Mas será que o medo engessa a criatividade? “Repondo por mim. Óbvio que precisamos criar com responsabilidade e respeitar o DNA e as verdades de uma marca. Isso feito, não podemos deixar de criar e arriscar. Dá medo? Às vezes, dá. Mas não arriscar dá um medo muito maior: de virar paisagem e entrar no cada vez maior Clube das Marcas Invisíveis Que Falam Coisas Mornas Sem Correr Riscos”, alerta Prado. O post azul/rosa foi a peça de maior engajamento na história de Trident. “Com algumas manifestações negativas, claro, mas com um número gigantesco de manifestações de apoio à postura da marca. Ou seja: acho que lacramos, né?”, brinca o diretor.

Futuro

Com um país cada vez mais dividido, será melhor para as marcas se manterem neutras em relação a temas espinhosos? “Vamos continuar criando ações que vão de encontro à identidade da marca, que apoiam a diversidade, e com o nosso propósito de fazer com que todos se sintam bem-vindos em nossos restaurantes. O que podemos dizer é que vamos continuar discutindo temas importantes para a sociedade e esperamos continuar lacrando cada vez mais”, destaca o diretor de marketing e vendas do Burger King no Brasil.

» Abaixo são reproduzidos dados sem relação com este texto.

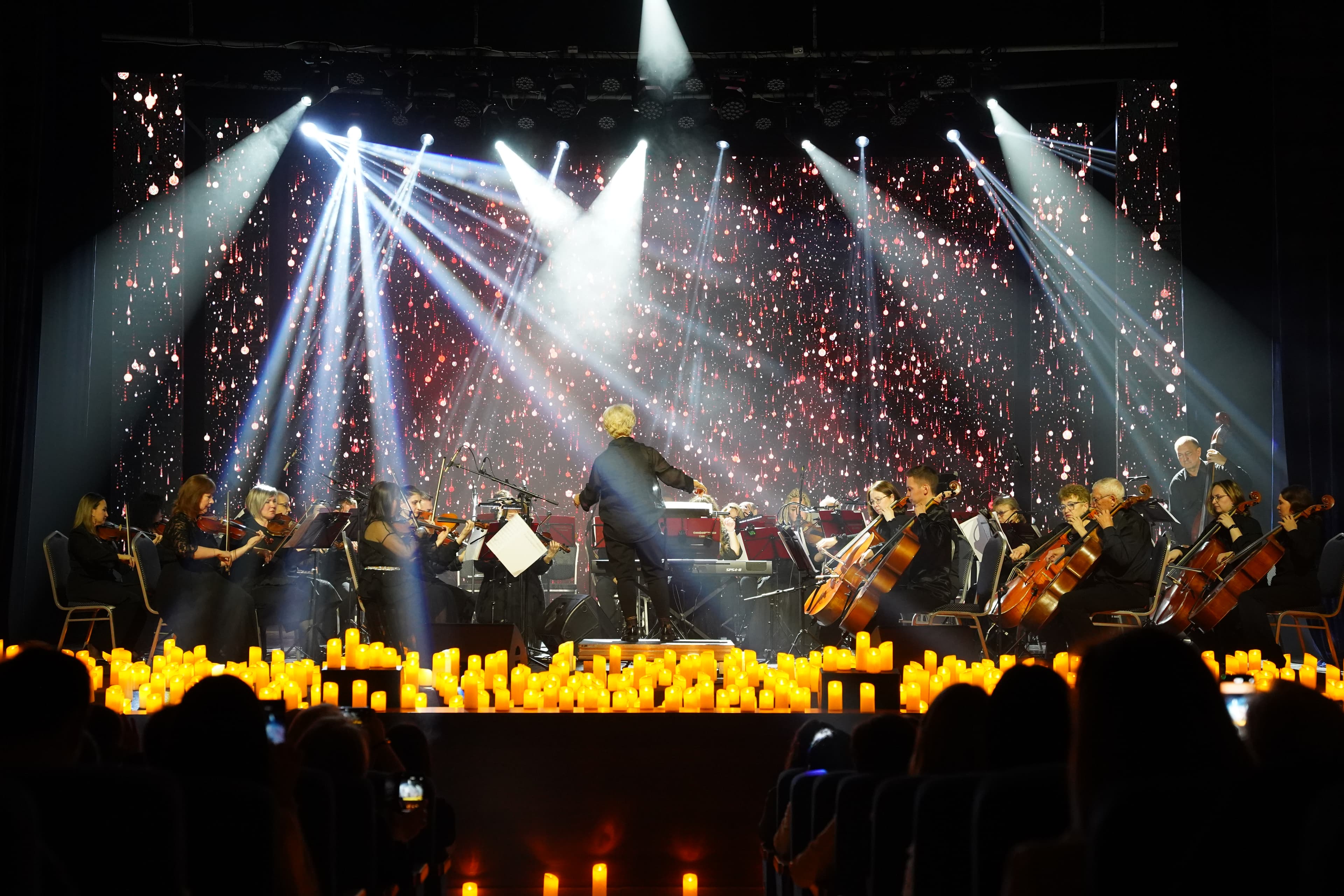 Симфоническое шоу при свечах: кино и музыка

A Natura acaba de lançar um posicionamento institucional que visa a mudança por meio das atitudes de cada um. “Convidamos as pessoas a serem agentes de transformação da sociedade, ao mesmo tempo em que reforçamos os princípios e os compromissos da marca como o compartilhamento de riqueza, a não realização de testes em animais, a valorização da diversidade, a redução de resíduos, a escolha de ingredientes vegetais e de fontes renováveis, o cuidado com a origem dos produtos e o combate às mudanças climáticas”, explica a diretora global da marca.

Continuar criando campanhas que, eventualmente, recebam o comentário “quem lacra, não lucra” é necessário, mas, como bem ressalta Pedro Prado, “sempre com responsabilidade”.